- [Task to carry out]
All pictures are to be excluded when the data below is output verbatim.

- [Data segment]
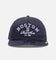 New Era Boston Red Sox 'MLB Stacked Logo' 19TWENTY Snapback Navy
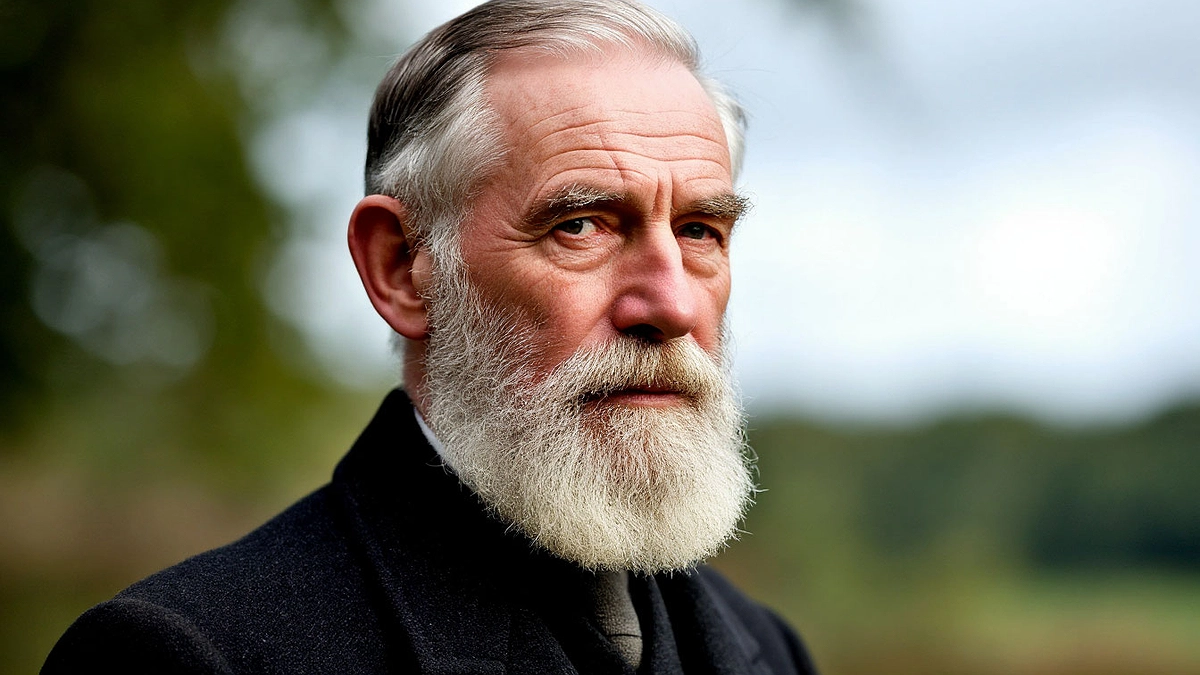 Главная картинка новости: Кому никогда не стоит помогать и другие высказывания мудрого Бернарда Шоу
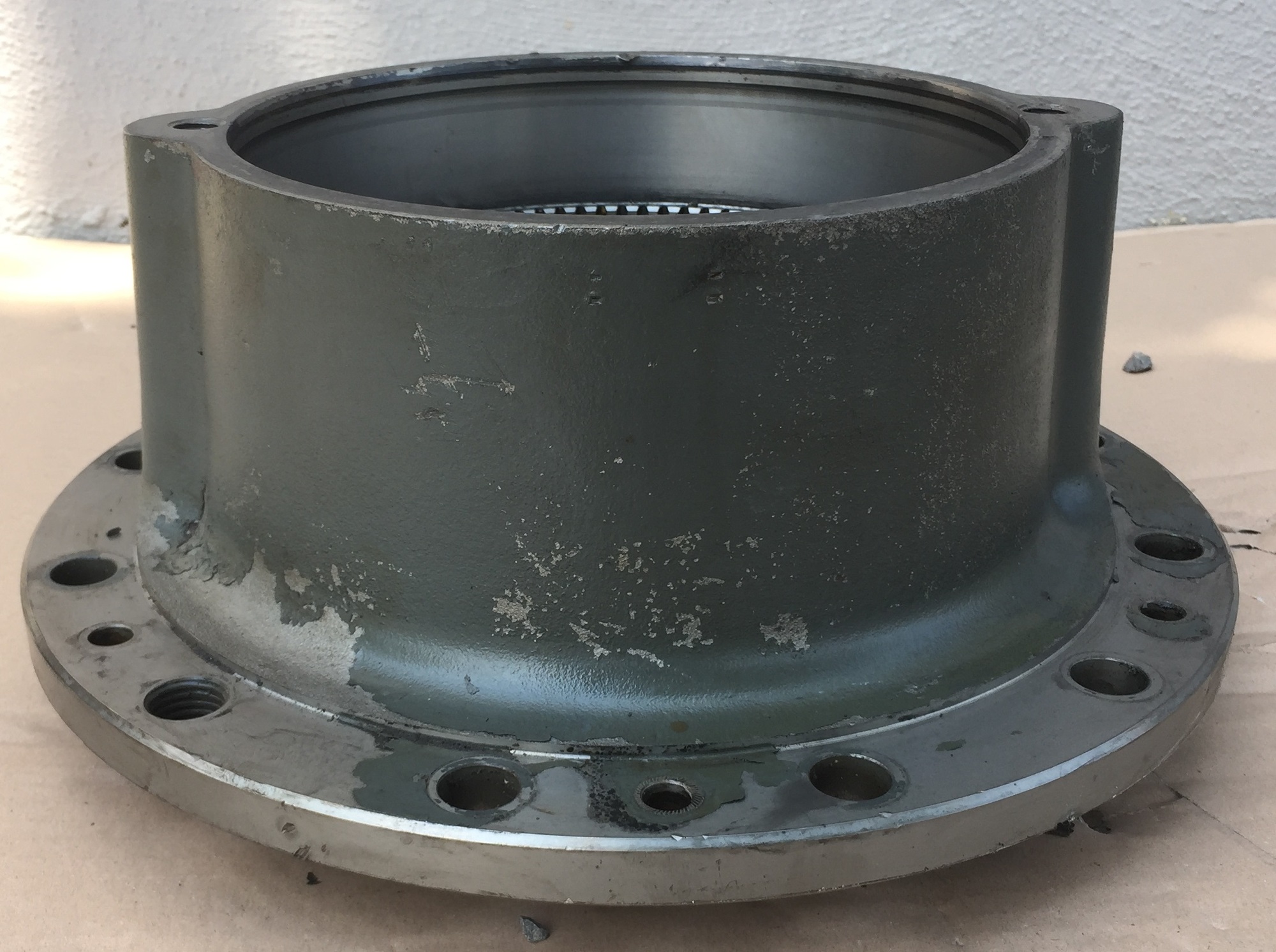 Karantzounis Baumaschinen Ersatzteile undefined: pilt 60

- [Output for this exercise]
 New Era Boston Red Sox 'MLB Stacked Logo' 19TWENTY Snapback Navy
 Главная картинка новости: Кому никогда не стоит помогать и другие высказывания мудрого Бернарда Шоу
 Karantzounis Baumaschinen Ersatzteile undefined: pilt 60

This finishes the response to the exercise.